→ **Problem description**
In the listing below, find each line containing "with" and report it.

→ **Stored data**
▼

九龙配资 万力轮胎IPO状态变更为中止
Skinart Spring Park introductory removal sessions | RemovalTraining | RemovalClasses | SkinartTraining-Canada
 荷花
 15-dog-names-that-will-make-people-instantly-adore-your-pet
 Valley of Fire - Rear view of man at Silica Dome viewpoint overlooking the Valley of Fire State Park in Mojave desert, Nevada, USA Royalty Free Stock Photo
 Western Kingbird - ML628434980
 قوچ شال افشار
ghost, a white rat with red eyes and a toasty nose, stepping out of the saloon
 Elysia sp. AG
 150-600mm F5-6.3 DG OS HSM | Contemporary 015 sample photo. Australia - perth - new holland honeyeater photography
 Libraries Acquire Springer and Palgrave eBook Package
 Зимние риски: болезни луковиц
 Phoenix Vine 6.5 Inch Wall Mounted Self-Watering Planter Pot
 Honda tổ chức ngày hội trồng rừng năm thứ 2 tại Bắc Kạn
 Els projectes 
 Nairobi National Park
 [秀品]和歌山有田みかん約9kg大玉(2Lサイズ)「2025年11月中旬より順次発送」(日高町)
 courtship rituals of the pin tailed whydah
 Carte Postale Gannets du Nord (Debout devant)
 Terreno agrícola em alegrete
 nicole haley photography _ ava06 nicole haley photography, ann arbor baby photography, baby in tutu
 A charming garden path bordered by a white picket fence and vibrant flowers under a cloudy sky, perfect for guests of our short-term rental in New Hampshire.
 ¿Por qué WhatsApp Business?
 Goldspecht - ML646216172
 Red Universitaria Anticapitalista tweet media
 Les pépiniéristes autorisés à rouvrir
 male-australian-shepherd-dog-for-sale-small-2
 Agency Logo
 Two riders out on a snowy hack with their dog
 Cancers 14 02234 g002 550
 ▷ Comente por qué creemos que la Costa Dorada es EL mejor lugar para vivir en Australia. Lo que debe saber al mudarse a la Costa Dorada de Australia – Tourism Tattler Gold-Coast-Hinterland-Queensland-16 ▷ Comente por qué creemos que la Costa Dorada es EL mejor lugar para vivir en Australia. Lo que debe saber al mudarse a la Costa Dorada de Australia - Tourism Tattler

▲

→ **Expected answer**
ghost, a white rat with red eyes and a toasty nose, stepping out of the saloon
 Two riders out on a snowy hack with their dog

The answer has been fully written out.